In the listing below, locate the line that contains "Hermia Orila Costa" and the line that contains "Rodinný dům se". Restate word for word those two lines and every line between them, and nothing else.

Available data
-------------------------
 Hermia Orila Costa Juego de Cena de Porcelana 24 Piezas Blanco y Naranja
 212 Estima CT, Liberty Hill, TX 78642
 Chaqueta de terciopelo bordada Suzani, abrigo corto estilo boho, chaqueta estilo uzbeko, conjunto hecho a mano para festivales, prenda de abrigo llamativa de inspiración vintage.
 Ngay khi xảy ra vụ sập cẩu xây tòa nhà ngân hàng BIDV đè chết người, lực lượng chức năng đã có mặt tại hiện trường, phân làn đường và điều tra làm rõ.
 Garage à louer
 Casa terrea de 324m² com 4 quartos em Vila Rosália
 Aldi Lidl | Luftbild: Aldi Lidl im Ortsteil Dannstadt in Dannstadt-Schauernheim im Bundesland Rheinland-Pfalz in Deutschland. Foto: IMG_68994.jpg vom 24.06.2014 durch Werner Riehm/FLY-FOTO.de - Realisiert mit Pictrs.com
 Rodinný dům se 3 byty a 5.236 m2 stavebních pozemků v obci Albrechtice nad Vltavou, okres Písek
-------------------------
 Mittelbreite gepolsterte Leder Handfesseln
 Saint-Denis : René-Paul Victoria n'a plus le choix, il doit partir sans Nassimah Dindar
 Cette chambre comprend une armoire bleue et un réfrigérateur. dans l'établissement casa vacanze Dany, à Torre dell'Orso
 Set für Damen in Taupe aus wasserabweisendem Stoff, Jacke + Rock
-------------------------
Problem solution
 Hermia Orila Costa Juego de Cena de Porcelana 24 Piezas Blanco y Naranja
 212 Estima CT, Liberty Hill, TX 78642
 Chaqueta de terciopelo bordada Suzani, abrigo corto estilo boho, chaqueta estilo uzbeko, conjunto hecho a mano para festivales, prenda de abrigo llamativa de inspiración vintage.
 Ngay khi xảy ra vụ sập cẩu xây tòa nhà ngân hàng BIDV đè chết người, lực lượng chức năng đã có mặt tại hiện trường, phân làn đường và điều tra làm rõ.
 Garage à louer
 Casa terrea de 324m² com 4 quartos em Vila Rosália
 Aldi Lidl | Luftbild: Aldi Lidl im Ortsteil Dannstadt in Dannstadt-Schauernheim im Bundesland Rheinland-Pfalz in Deutschland. Foto: IMG_68994.jpg vom 24.06.2014 durch Werner Riehm/FLY-FOTO.de - Realisiert mit Pictrs.com
 Rodinný dům se 3 byty a 5.236 m2 stavebních pozemků v obci Albrechtice nad Vltavou, okres Písek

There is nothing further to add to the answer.